=== Dataset excerpt ===

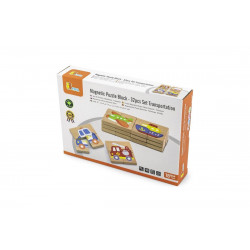  Dřevěné magnetické puzzle - dopravní prostředky
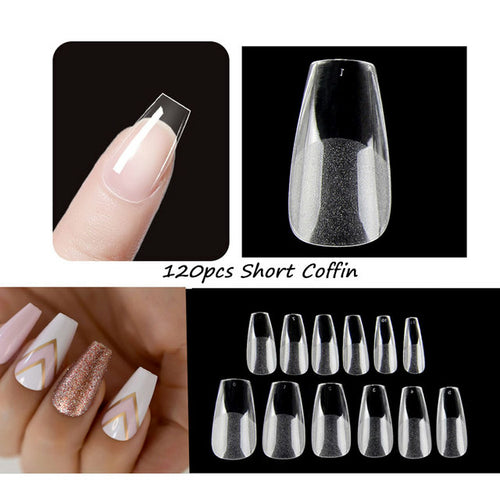 120Pcs Full Cover Press On Nail Tips Stiletto Almond Square Coffin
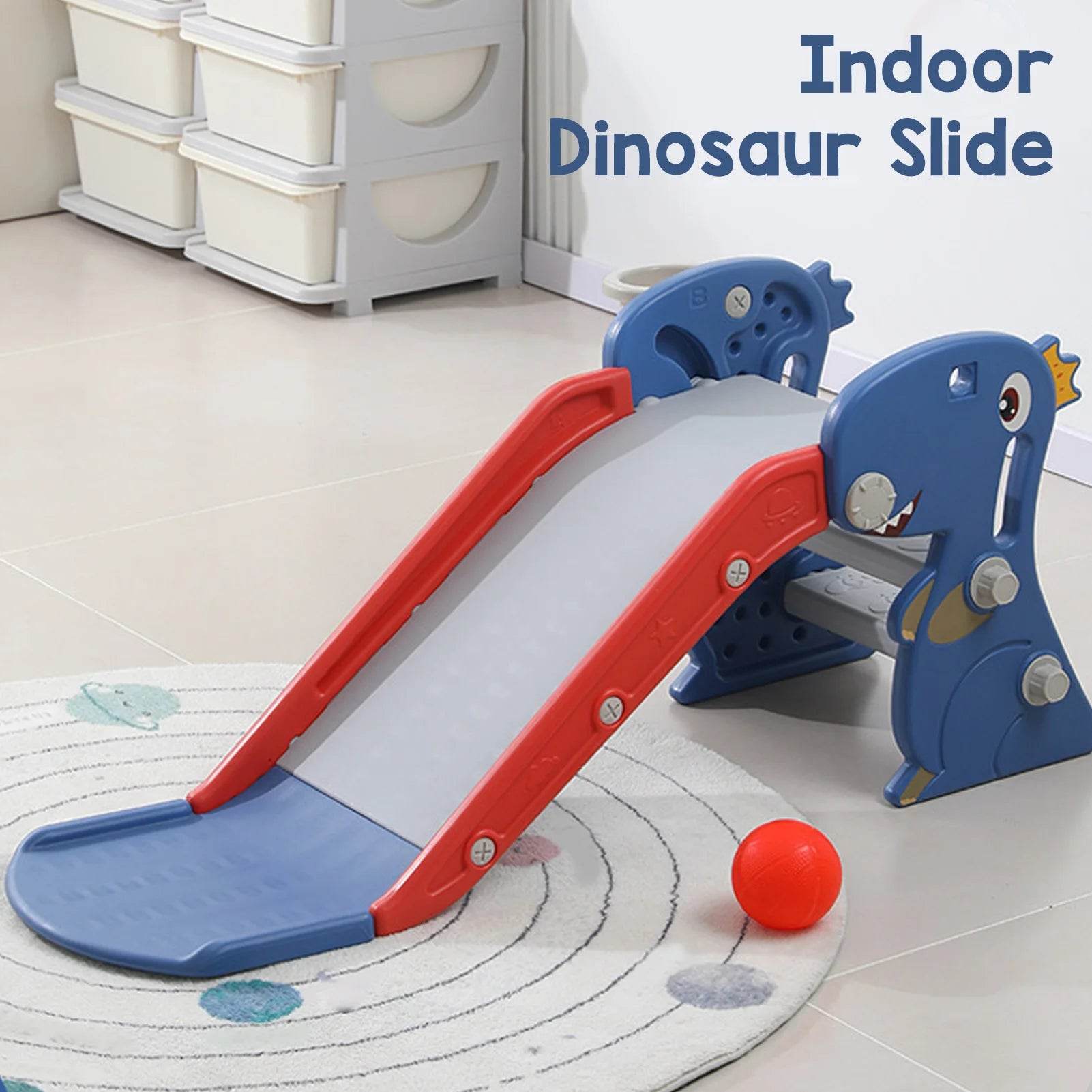 Indoor Slide Blue Construction Multipurpose Folding Slide with Basketball Hoop for Kids 0 To 3 Years - ToylandEU
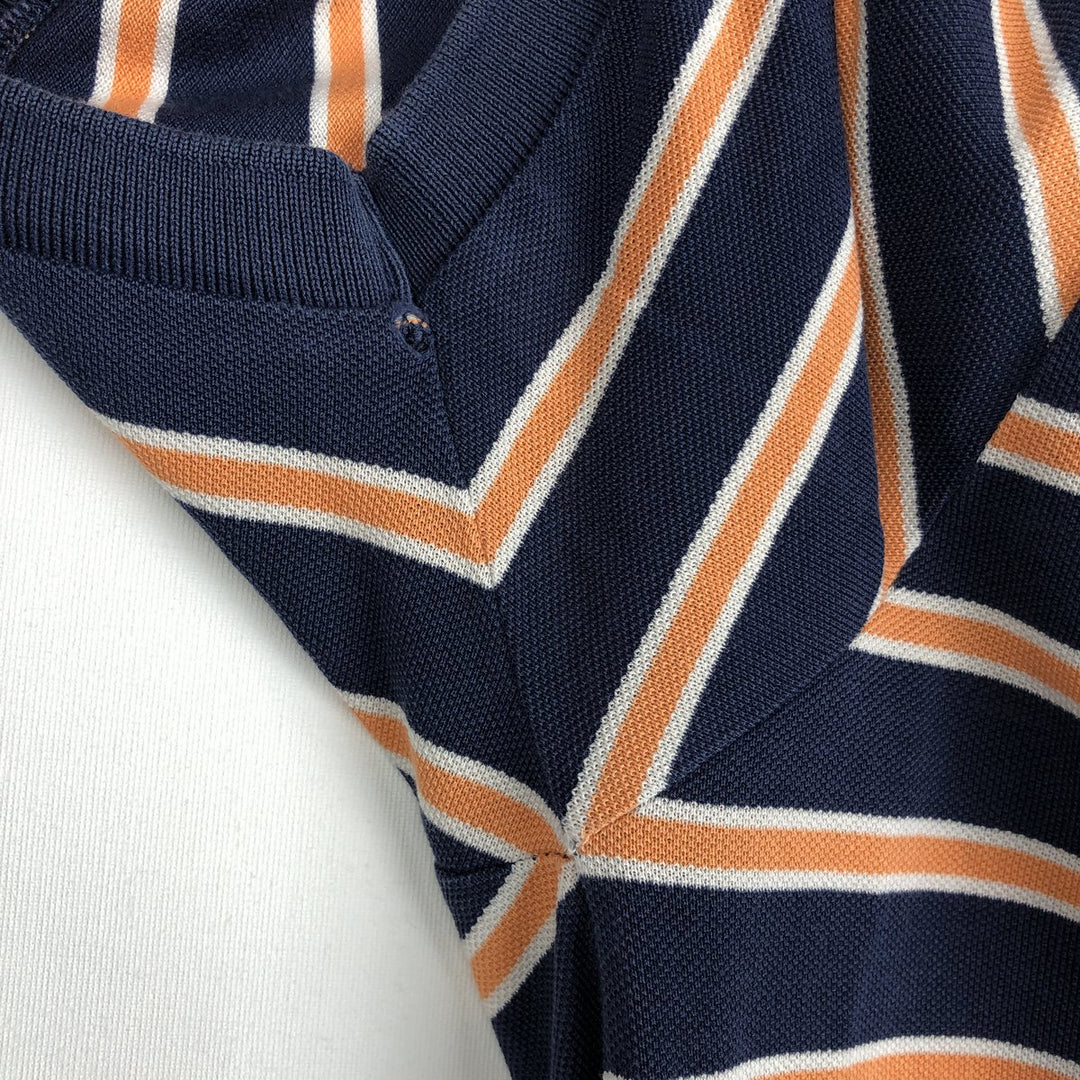 Ralph Lauren POLO by Ralph Lauren Multi-border short sleeve striped polo shirt Men's size L Pima Cotton navy blue type Vintage Second Hand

===

> **Activity**
What you return should match the material line for line, with the images removed.

> **Answer to this problem**
  Dřevěné magnetické puzzle - dopravní prostředky
 120Pcs Full Cover Press On Nail Tips Stiletto Almond Square Coffin
 Indoor Slide Blue Construction Multipurpose Folding Slide with Basketball Hoop for Kids 0 To 3 Years - ToylandEU
 Ralph Lauren POLO by Ralph Lauren Multi-border short sleeve striped polo shirt Men's size L Pima Cotton navy blue type Vintage Second Hand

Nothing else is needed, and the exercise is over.